Mitochondrial fission is actively promoted by the recruitment of dynamin-1-like protein (DRP1, also known as DNM1L) to the mitochondrial surface (Hoppins et al., 2007; Pitts et al., 1999). We analyzed the recruitment of DRP1 by immunofluorescence and western blotting. We found that the number of DRP1 puncta associated with the mitochondria doubled compared to the basal levels upon Smaug1+2 KD (Fig. 3F). In addition, western blot analysis indicated that DRP1 levels increased significantly in the mitochondrial fraction upon Smaug1+2 KD (Fig. 3G). Finally, Smaug1+2 double KD did not induce AMPK phosphorylation (Fig. S3B), thus suggesting that mitochondrial fission factor (MFF), which is an AMPK-dependent DRP1 receptor (Toyama et al., 2016), is unlikely to be involved.
Taken together with the above results, these observations suggest that Smaug1+2 KD activates mitochondrial fission, likely as a consequence of altered mitochondrial respiration.

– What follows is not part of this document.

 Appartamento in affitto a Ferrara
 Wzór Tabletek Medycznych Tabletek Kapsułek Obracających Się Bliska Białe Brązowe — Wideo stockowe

In the following studies, we analyzed changes in the mitochondrial network to further investigate the relevance of Smaug1 MLO formation.
First, we analyzed whether the mitochondrial phenotype provoked by Smaug1 and Smaug2 double KD is rescued by transfection of Smaug1 (Fig. 4). We found that this is the case and, in addition, the splicing variant ΔEIII, which has similar RNA binding and repression capacity (Fig. 1; Fernández-Alvarez et al., 2016), also rescued the mitochondrial phenotype (Fig. 4). Altogether, these observations suggest that the three mammalian Smaug isoforms reported to date, namely Smaug1, Smaug1 ΔEIII and Smaug2 can act rather redundantly for one another.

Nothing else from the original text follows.